Let’s write first the forward function. Its signature is exactly the same as the encoder/decoder signature, although here the meta will be passed from the filters_meta attribute of the CParams instance associated to schunk (which does not necessarily have to be used). Neither the forward nor backward functions have to return anything.

[7]:
def forward(input, output, meta, schunk):
    nd_input = input.view(dtype)
    nd_output = output.view(dtype)

    start = nd_input[0]
    nd_output[0] = start
    nd_output[1:] = nd_input[1:] - nd_input[:-1]

As you can see, our forward function keeps the start value, and then it computes the difference between each element and the one next to it just like the following image shows. As a consequence, after passing through the filter, equally spaced data will be processed into an array with many repeated values.
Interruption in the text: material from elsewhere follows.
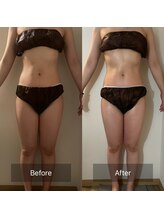 フィエルテ 甲斐敷島(FIERTE)/お客様beforeafter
Later on, we will write a new codec which will be able to compress/decompress this filtered data.

5cad55902e3b409c8c080f19bd7c6ac0

The backward function applies the inverse transform to the forward function, so it will reconstruct the original data.

[8]:
def backward(input, output, meta, schunk):
    nd_input = input.view(dtype)
    nd_output = output.view(dtype)

    nd_output[0] = nd_input[0]
    for i in range(1, nd_output.size):
        nd_output[i] = nd_output[i - 1] + nd_input[i]

Hence when called on the output of the forward function, it will reconstruct the original data as follows:

2a7c4b309aa844f09681507a0ef76517

Registering and Using a filter

Once we have the two required functions, we can register our filter. In the same way we did for the codecs, we have to choose an identifier between 160 and 255:

[9]:
filter_id = 160
blosc2.register_filter(filter_id, forward, backward)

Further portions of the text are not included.